Misdescription of insured property - rejection of
insurance claim
Insurers are sometimes said to readily accept your application for insurance, issue a policy and receive your premiums year after year and then, when you make a claim, they scrutinise the policy and the surrounding circumstances to see whether there is a basis on which they can reject the claim.
Of course, anyone who takes out insurance ought to be meticulously accurate in completing the application. But there are circumstances where, in all good faith, inaccurate information is given.
Does any misstatement of fact in an application for insurance, whether intentional or otherwise, entitle an insurer to reject a claim?
In Mutual and Federal Insurance Co Ltd v da Costa [2007] SCA 89 (RSA) 89 a Pretoria businessman had insured his car, describing it (in good faith, and with no intention to deceive) as a 1991 model Mercedes Benz 230E.
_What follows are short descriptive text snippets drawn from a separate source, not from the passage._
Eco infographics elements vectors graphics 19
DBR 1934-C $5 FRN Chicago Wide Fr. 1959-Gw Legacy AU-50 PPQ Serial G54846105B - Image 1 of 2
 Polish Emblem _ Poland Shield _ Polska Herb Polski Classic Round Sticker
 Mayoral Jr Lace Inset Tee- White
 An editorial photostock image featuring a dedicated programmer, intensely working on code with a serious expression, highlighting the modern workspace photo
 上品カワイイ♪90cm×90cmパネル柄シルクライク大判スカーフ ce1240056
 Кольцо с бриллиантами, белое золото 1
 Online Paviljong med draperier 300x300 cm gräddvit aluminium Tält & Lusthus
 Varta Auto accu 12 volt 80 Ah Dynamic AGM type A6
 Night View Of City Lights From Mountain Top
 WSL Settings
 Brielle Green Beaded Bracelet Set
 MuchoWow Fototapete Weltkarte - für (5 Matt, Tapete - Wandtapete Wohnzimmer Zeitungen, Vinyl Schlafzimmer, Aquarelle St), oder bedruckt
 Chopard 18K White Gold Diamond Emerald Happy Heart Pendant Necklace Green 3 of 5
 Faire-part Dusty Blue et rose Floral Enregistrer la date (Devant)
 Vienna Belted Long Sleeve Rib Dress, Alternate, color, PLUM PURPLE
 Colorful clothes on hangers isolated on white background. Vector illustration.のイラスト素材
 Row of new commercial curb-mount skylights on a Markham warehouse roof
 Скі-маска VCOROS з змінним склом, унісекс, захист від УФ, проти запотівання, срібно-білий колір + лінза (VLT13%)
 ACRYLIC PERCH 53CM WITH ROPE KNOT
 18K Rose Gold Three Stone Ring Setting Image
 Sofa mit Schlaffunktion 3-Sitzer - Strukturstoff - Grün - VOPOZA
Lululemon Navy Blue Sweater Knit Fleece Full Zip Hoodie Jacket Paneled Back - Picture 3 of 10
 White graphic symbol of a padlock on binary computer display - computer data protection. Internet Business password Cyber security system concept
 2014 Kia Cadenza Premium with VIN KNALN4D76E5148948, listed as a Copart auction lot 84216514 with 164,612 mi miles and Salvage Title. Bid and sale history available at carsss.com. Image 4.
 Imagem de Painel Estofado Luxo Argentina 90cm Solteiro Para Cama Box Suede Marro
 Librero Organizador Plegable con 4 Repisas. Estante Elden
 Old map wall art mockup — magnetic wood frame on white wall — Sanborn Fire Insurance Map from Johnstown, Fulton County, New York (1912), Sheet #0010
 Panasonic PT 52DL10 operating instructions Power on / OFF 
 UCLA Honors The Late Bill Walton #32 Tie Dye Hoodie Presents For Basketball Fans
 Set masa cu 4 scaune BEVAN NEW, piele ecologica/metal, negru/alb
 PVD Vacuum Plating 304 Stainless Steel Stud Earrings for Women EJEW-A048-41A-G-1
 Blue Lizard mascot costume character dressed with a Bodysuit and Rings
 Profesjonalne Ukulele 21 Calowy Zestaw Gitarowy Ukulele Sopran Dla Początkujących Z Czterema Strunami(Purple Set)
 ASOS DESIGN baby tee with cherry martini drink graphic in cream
When the car was written off in a collision, he put in a claim for some R48 000 under the insurance policy. It then transpired that the car was in fact a built-up vehicle, being a combination of a 1988 and a 1990 Mercedes.
When the insurer discovered that the car had been misdescribed in the policy, it rejected the claim on the grounds of misrepresentation, and argued that it was only liable in respect of a vehicle which fitted the description in the policy.
THE TEST OF MATERIALITY
The Supreme Court of Appeal said that the defence of misrepresentation, raised by the insurer in respect of the claim, depended on whether the misdescription of the car was “material”, and that the test in this regard was whether the fact in issue was one which would influence an underwriter’s opinion in regard to the risk under the policy.
The court noted that a leading textbook on insurance said that if the fact that had been incorrectly represented was not material to the
risk, the insurer would remain liable under the policy.
The court pointed out that in the early years of motor insurance law, the premium fluctuated according to the age of the car. In the present day, the rate is constant, irrespective of the age of the car.
In the event of a claim, a person would not be paid out more than
the true value of the car, so a person taking out insurance could never profit by a misrepresentation as to the age of the car.
The court said that no evidence had been laid before it that a reasonable insurer, if it had known the true facts, would have refused to insure the car in question or would have required a higher premium.
The court held that the magistrate in the court below had correctly given judgment in favour of the insured, and dismissed the insurer’s appeal.